Re: [PATCH 03/10] jump label v11: base patch

From: Konrad Rzeszutek Wilk
Date: Tue Sep 21 2010 - 14:31:11 EST


On Fri, Sep 17, 2010 at 11:09:00AM -0400, Jason Baron wrote:
> base patch to implement 'jump labeling'. Based on a new 'asm goto' inline
> assembly gcc mechanism, we can now branch to labels from an 'asm goto'
> statment. This allows us to create a 'no-op' fastpath, which can subsequently
> be patched with a jump to the slowpath code.
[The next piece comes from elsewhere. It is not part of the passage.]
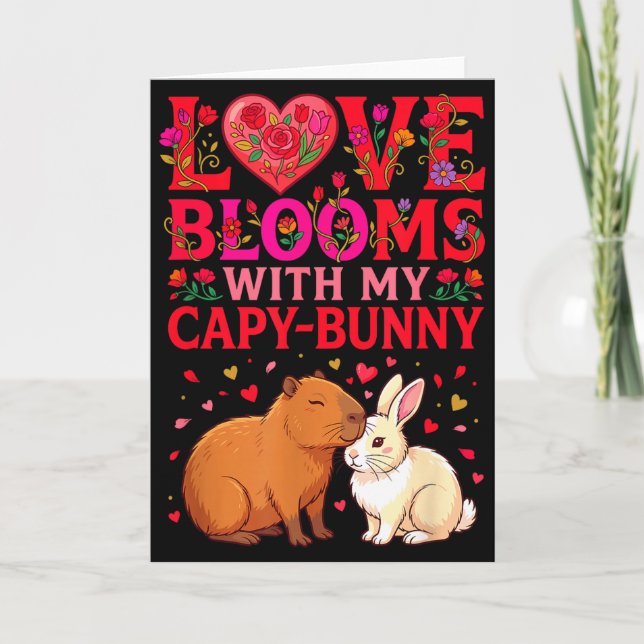 Kärlek blommar Capybara Kanin Alla hjärtans dag  Kort (Framsida)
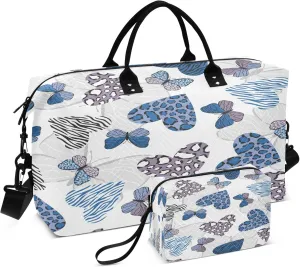 Exnundod Zebra Leopard Hearts Travel Duffel Bags for Women Butterflies Sports Gym Bag Weekender Carry On Tote Overnight Luggage Duffle Bags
This is useful for code which
> might be rarely used, but which we'd like to be able to call, if needed.
> Tracepoints are the current usecase that these are being implemented for.
>
> Signed-off-by: Jason Baron <jbaron@xxxxxxxxxx>
> ---
> Makefile | 5 +
> arch/Kconfig | 3 +
> arch/x86/include/asm/alternative.h | 3 +-
> arch/x86/kernel/alternative.c | 2 +-
> include/asm-generic/vmlinux.lds.h | 10 +
> include/linux/jump_label.h | 58 ++++++
> include/linux/module.h | 5 +-
> kernel/Makefile | 2 +-
> kernel/jump_label.c | 338 ++++++++++++++++++++++++++++++++++++
> kernel/kprobes.c | 1 +
> kernel/module.c | 6 +
> scripts/gcc-goto.sh | 5 +
> 12 files changed, 434 insertions(+), 4 deletions(-)
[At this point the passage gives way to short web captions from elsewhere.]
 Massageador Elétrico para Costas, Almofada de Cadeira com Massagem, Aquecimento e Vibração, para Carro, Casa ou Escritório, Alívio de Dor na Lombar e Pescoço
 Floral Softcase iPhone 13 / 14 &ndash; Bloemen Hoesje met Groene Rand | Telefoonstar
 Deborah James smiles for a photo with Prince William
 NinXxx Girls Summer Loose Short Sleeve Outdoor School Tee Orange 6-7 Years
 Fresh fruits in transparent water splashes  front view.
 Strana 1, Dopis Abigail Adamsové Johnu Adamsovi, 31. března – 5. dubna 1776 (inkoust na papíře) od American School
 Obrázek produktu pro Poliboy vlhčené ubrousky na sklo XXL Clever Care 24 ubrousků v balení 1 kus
> create mode 100644 include/linux/jump_label.h
> create mode 100644 kernel/jump_label.c
> create mode 100644 scripts/gcc-goto.sh
>
> diff --git a/Makefile b/Makefile
> index 92ab33f..a906378 100644
> --- a/Makefile
> +++ b/Makefile
> @@ -591,6 +591,11 @@ KBUILD_CFLAGS += $(call cc-option,-fno-strict-overflow)
> # conserve stack if available
> KBUILD_CFLAGS += $(call cc-option,-fconserve-stack)
>
> +# check for 'asm goto'
> +ifeq ($(shell $(CONFIG_SHELL) $(srctree)/scripts/gcc-goto.sh $(CC)), y)
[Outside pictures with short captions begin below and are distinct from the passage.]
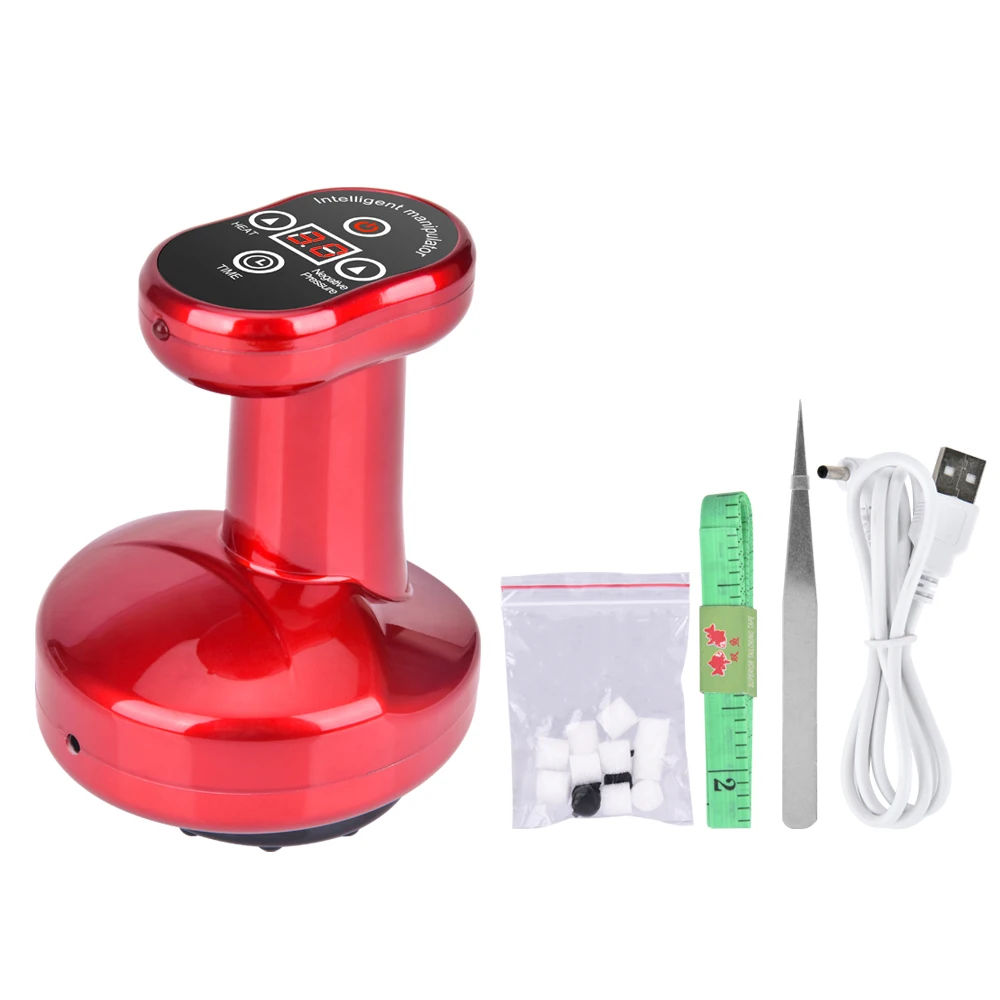 Electric Scraping Cupping Cans Guasha Suction Massager Negative Pressure Meridian Fat Burning Slim Heating Therapy Physiotherapy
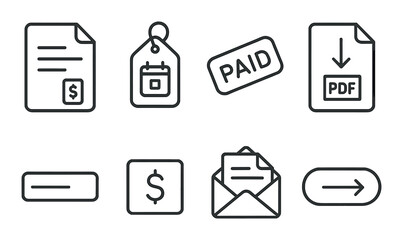 Online invoice icon set in silhouette style. billing and payment symbols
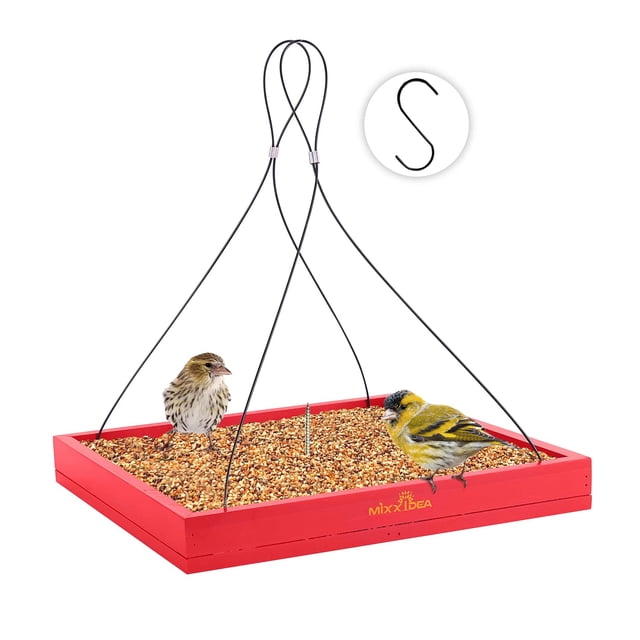 Bandeja colgante de madera para pájaros MIXXIDEA, 33 x 33 x 36 cm, color rojo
> + KBUILD_CFLAGS += -DCC_HAVE_ASM_GOTO
> +endif
> +
> # Add user supplied CPPFLAGS, AFLAGS and CFLAGS as the last assignments
> # But warn user when we do so
> warn-assign = \
> diff --git a/arch/Kconfig b/arch/Kconfig
> index 4877a8c..1462d84 100644
> --- a/arch/Kconfig
> +++ b/arch/Kconfig
> @@ -158,4 +158,7 @@ config HAVE_PERF_EVENTS_NMI
> subsystem. Also has support for calculating CPU cycle events
> to determine how many clock cycles in a given period.
>
> +config HAVE_ARCH_JUMP_LABEL
> + bool
> +
> source "kernel/gcov/Kconfig"
> diff --git a/arch/x86/include/asm/alternative.h b/arch/x86/include/asm/alternative.h
> index 634bf78..76561d2 100644
> --- a/arch/x86/include/asm/alternative.h
> +++ b/arch/x86/include/asm/alternative.h
> @@ -4,6 +4,7 @@
> #include <linux/types.h>
> #include <linux/stddef.h>
> #include <linux/stringify.h>
> +#include <linux/jump_label.h>
> #include <asm/asm.h>
>
> /*
> @@ -182,7 +183,7 @@ extern void *text_poke_early(void *addr, const void *opcode, size_t len);
> extern void *text_poke(void *addr, const void *opcode, size_t len);
> extern void *text_poke_smp(void *addr, const void *opcode, size_t len);
>
> -#if defined(CONFIG_DYNAMIC_FTRACE)
> +#if defined(CONFIG_DYNAMIC_FTRACE) || defined(HAVE_JUMP_LABEL)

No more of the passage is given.